We have 2 very similar self managed cluster, staging and production, on AWS and on arm architecture (graviton2) and amazon linux 2 base image: 3 master nodes and 3 datanodes. In all instances we have installed monit that check the elasticsearch pid.
The instances are all based on the same AMI, at boot it self determine if it is a master or data node, and the environment. The AMI is more or less the same since years ago, when it was based on x86 architecture (of course the Elasticsearch were changed since we moved to arm, but all the remaining custom scripts are the same.)
Now, since March, when we moved to arm (ver 7.17), we have the 'problem' that every week (more or less, there's not a precise time interval) monit says the process Elasticsearch with pid xxxxx is not running, so it restarts it. It ALWAYS happens to the elected master, and when it happens the re-election is super fast and no alarms are triggered. It never happens for a datanode (luckily), and it happens both for staging and production. We have a third cluster (logging) with the same AMI, where all 6 nodes are both master and data nodes, and it never happens here.
We recently upgraded all the cluster to Elasticsearch 8.3 but the problem persists...any idea?
The monit configuration is:
check process elasticsearch with pidfile /var/run/elasticsearch/elasticsearch.pid
start program = "/bin/systemctl start elasticsearch"
stop program = "/bin/systemctl stop elasticsearch"

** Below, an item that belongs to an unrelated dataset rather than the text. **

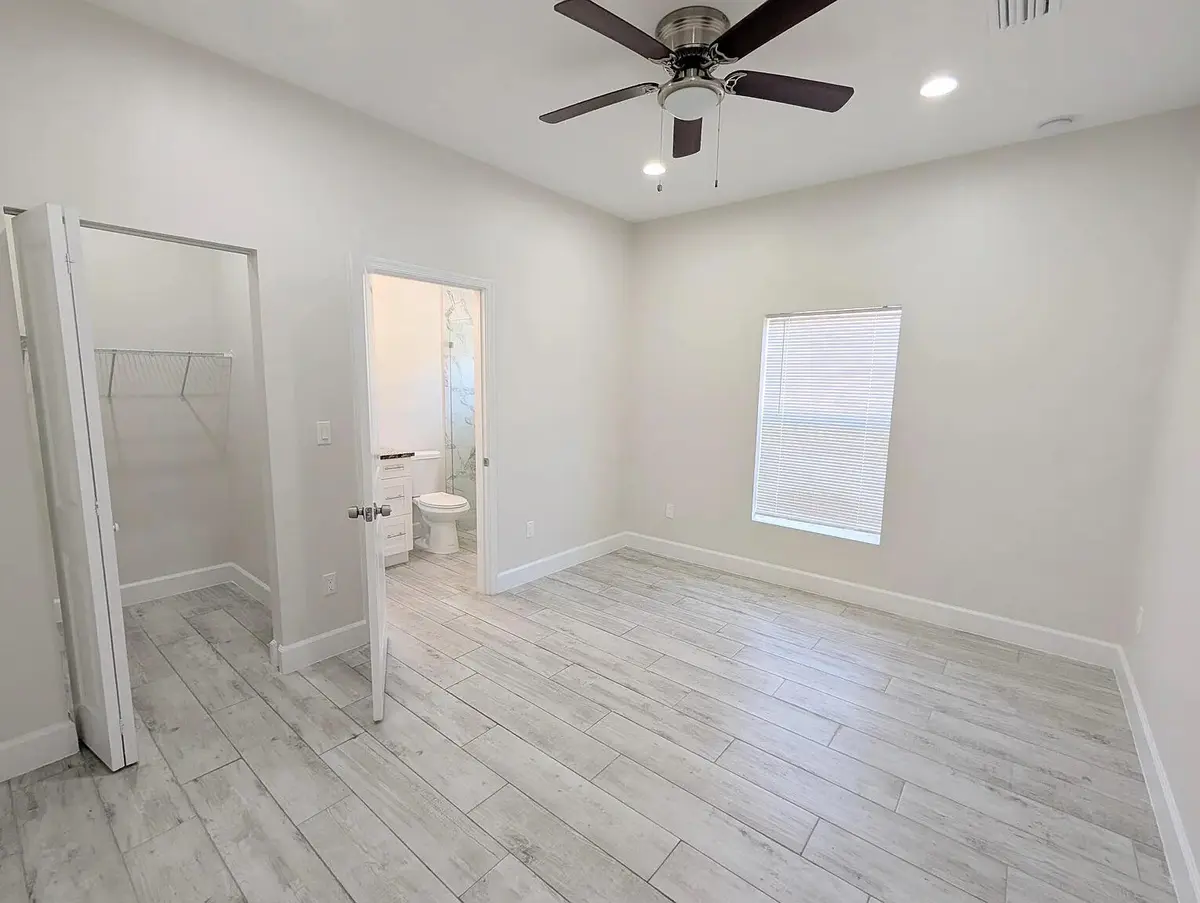 1566 W 26th Ct-7 at 1562 W 26th Court, Riviera Beach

if cpu > 90% for 5 cycles then alert
if totalmem > 90% for 5 cycles then alert
group elasticsearch
and the elasticsearch.yml
"bootstrap": {
"memory_lock": true
},
"cloud": {
"node": {
"auto_attributes": true
}
},
"cluster": {
"name": "staging.elasticsearch",
"routing": {
"allocation": {
"allow_rebalance": "always",
"awareness": {
"attributes": "aws_availability_zone"
},
"enable": "all",
"node_concurrent_recoveries": 11
},
"rebalance": {
"enable": "all"
}
}
},
"discovery": {
"ec2": {
"endpoint": "ec2.eu-west-1.amazonaws.com",
"groups": [
"staging-elasticsearch-30mhz-com",
"staging-master-elasticsearch-30mhz-com"
],
"host_type": "public_dns"
},
"seed_providers": "ec2"
},
"gateway": {
"expected_data_nodes": 3,
"recover_after_data_nodes": 2
},
"indices": {
"recovery": {
"max_bytes_per_sec": "50mb"
}
},
"network.host": [
"_ec2:publicDns_",
"localhost"
],
"node": {
"roles": [
"master",
"remote_cluster_client"
]
},
"path": {
"data": "/dev/shm/elasticsearch/data",
"logs": "/dev/shm/elasticsearch/log"
},
"xpack": {
"security": {
"enabled": false
}
}
}